High Holy Days 5768: Days of Awe and Hope

JEWISH LIGHT EDITORIAL

As Jews around the world and nation and in our own Jewish community of St. Louis welcome Rosh Hashanah 5768, and the solemn Day of Atonement on Rosh Hashanah and Yom Kippur, once again we collectively and indivudially face these Days of Awe with both challenges and hope.

As Americans we are aware of the fact that this week’s start of the Jewish New Year coincides with the sixth anniversary of the horrific terrorist attacks at the World Trade Center, the Pentagon and over the State of Pennsylvania of Sept. 11, 2001. We are relieved and grateful that there have been no comparable attacks on American soil since that horrible day in which 3,000 Americans lost their lives in an unprecedented orgy of violence. At the same time, the arrests just last week in Germany of three indidivuals suspected of plotting a major terrorist attack against Americans and American facilities in that country, along with the previous attacks in Bali, Madrid, London and elsewhere reminds us that the threat of such extremist violence remains very real.

In the year ahead, we hope and pray that the genocide in the Sudan region of Darfur will be stopped. In recent weeks, the United Nations Security Council finally adopted a resolution to replace the 7,000-member African Union peacekeeping force with a combined U.N.-African Union group of 26,000 which we hope can stop the violence. Here in St. Louis, the Jewish Community Relations Council was the principal organizing group of the St. Louis Save Darfur Coalition, chaired by community leader Lesley Levin. The Save Darfur Coaltion deserves the support of the entire Jewish community to demand immediate action to stop the massacre.

We also remain deeply concerned over the instability in the entire Middle East, including the war in Iraq, the Palestinian-Israeli conflict and the ongoing threats from the fanatic regime in Iran, whose president, Mahmoud Ahmadinejad has repeatedly called for Israel to be “wiped off the map,” and who hosted a conference of Holocaust deniers. The war in Iraq has claimed the lives of 3,700 brave U.S. men and women in our Armed Forces and has left another 30,000 wounded, many of them seriously. It is to be hoped that the means can be found not only to stop the inter-ethnic violence in Iraq, but that a truly stable political solution can be forged in which the Shiite, Sunni, Kurdish and other groups in Iraq can live together in peace.

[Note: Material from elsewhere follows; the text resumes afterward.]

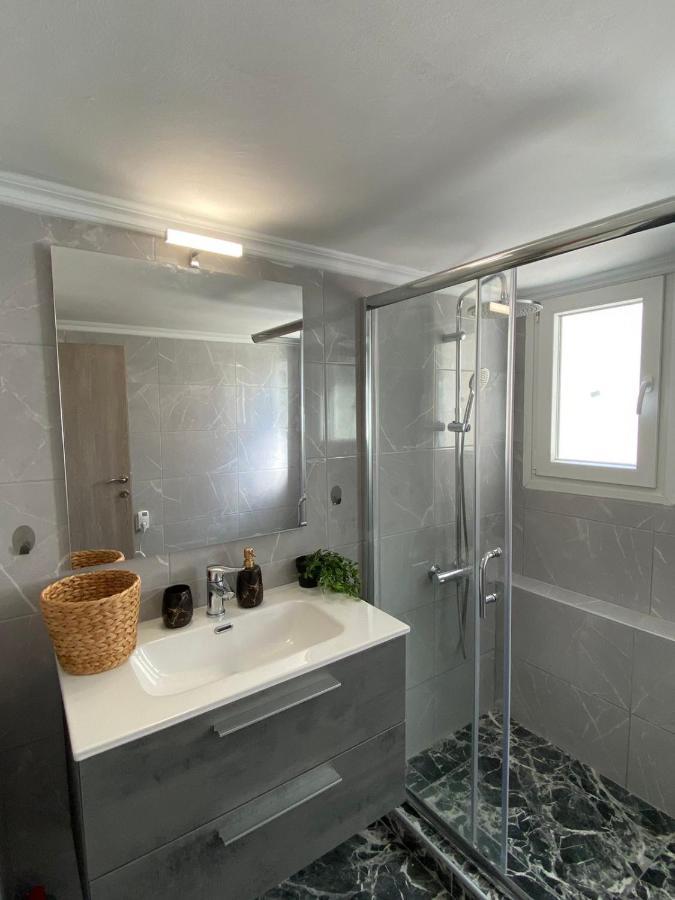 Apartmán Gnaios Penthouse Soluň Exteriér fotografie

The weeks ahead are yet another crucial period in the efforts to re-start the stalled Middle East peace process. Former British Prime Minister Tony Blair accepted the role of special Middle East peace envoy for the so-called Quartet seeking to revive the “Road Map to Peace.” Blair has already had preliminary talks with Israeli Prime Minister Ehud Olmert, and we hope that Blair’s considerable diplomatic skills can help break the logjam. For his part Olmert has been holding regular meetings with Palestinian Authority President Mahmoud Abbas. In addition, Secretary of State Condoleezza Rice will be going to the region for talks with representatives of moderate Arab states, such as Egypt, Jordan, Saudi Arabia and the other Gulf States, who seem prepared to resolve the Israeli-Palestinian conflict as a counter-weight to the extremist regime in Iran.

This past year saw even more disturbing evidence of a growing anti-Israel and anti-Semitic movement across the entire globe. The shameful action by the British University and College Union to boycott Israeli universities was only one example. At the same time, the full-page advertisement signed by 300 presidents of American colleges and universities strongly denouncing the boycott is solid evidence that there is considerable opposition to the anti-Semitic trends and activities in the world. Here in St. Louis, our 60,000-member Jewish community is blessed with a strong Jewish Federation, which just installed community leader Sheila Greenbaum to succeed Dr. Heschel Raskas, and which has put into effect a major re-structuring and outreach effort to make the organization more inclusive and better able to fulfill its vital missions of raising funds to support local, national and Jewish needs and programs, and to bring together all segments of the community for the common good. In the year ahead, we know that the members of our Jewish community will once again generously support the Jewish Federation Campaign in addition to helping to sustain our other community treasures. And so, as we reflect on the events of the past year and look ahead to the challenges that face us in the New Year of 5768, let us not just express our gratitude for the many blessings we enjoy as members of the American Jewish community but also work as a community to share those blessings with others in our nation and around the world.